### [Brief]
Everything in the listing below has to be repeated exactly, except the pictures.

### [Given material]

——

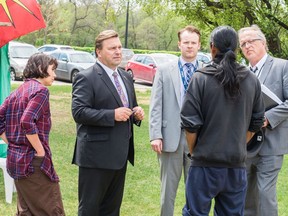MLA Ken Cheveldayoff, second from left, and political staffers meet with members of a protest camp in front of the Saskatchewan legislative building.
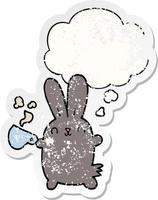 cute cartoon rabbit with coffee cup and thought bubble as a distressed worn sticker vector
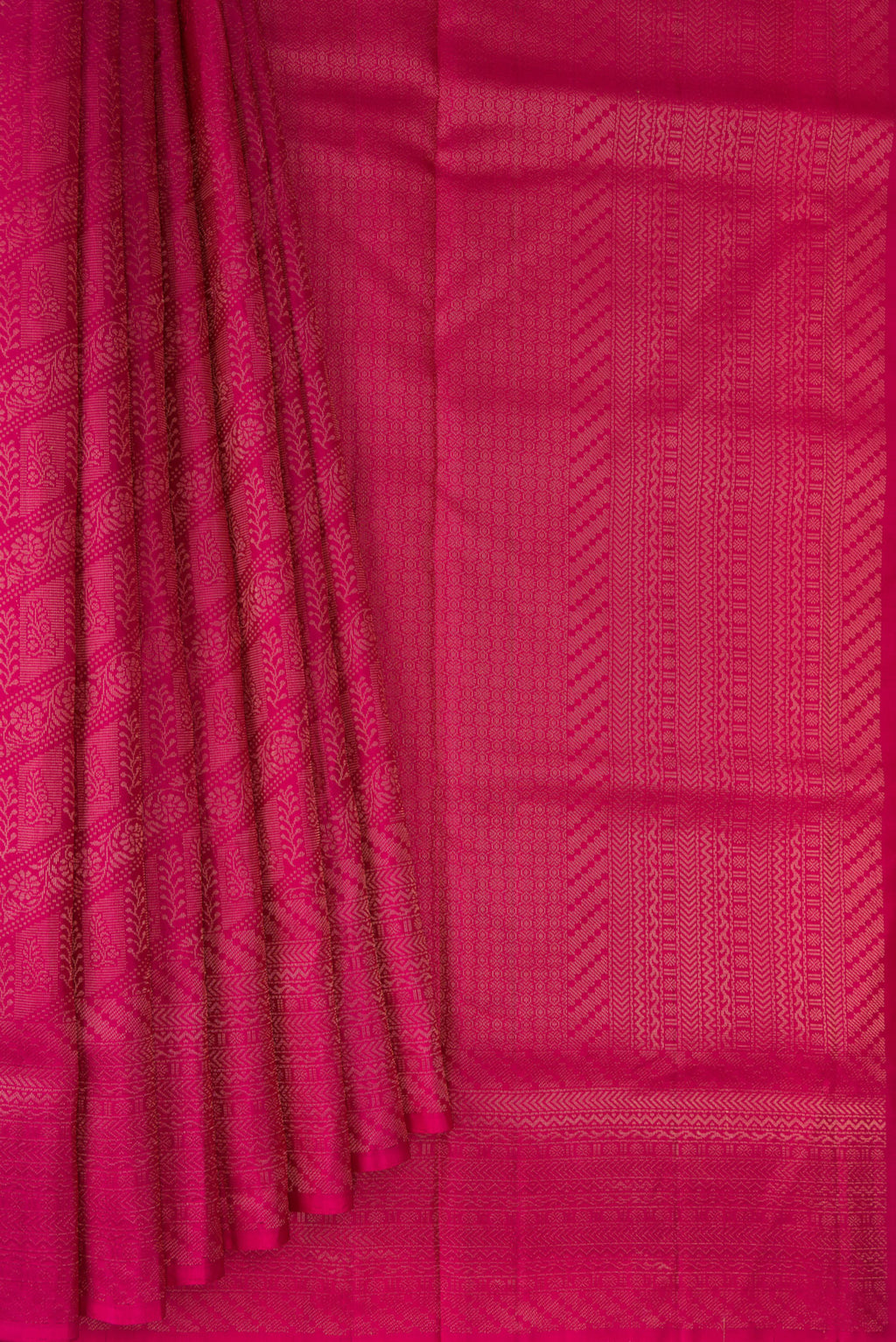 Pleats and pallu of Pure Silk Dark Pink Soft Saree with Zari Brocade on the body and Fancy Border. 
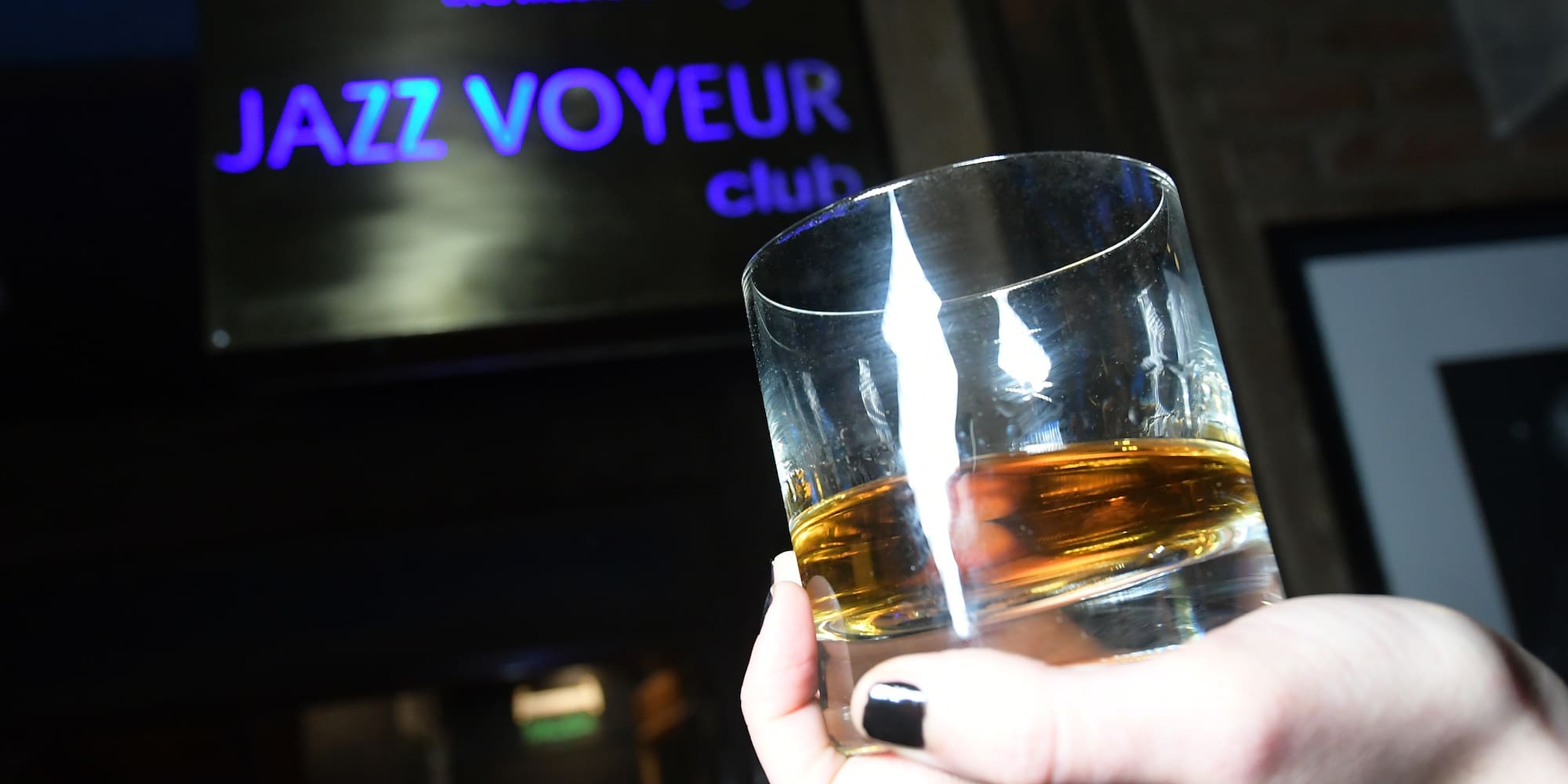 a hand holding a glass of liquid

——

### [Expected output]
MLA Ken Cheveldayoff, second from left, and political staffers meet with members of a protest camp in front of the Saskatchewan legislative building.
 cute cartoon rabbit with coffee cup and thought bubble as a distressed worn sticker vector
 Pleats and pallu of Pure Silk Dark Pink Soft Saree with Zari Brocade on the body and Fancy Border. 
 a hand holding a glass of liquid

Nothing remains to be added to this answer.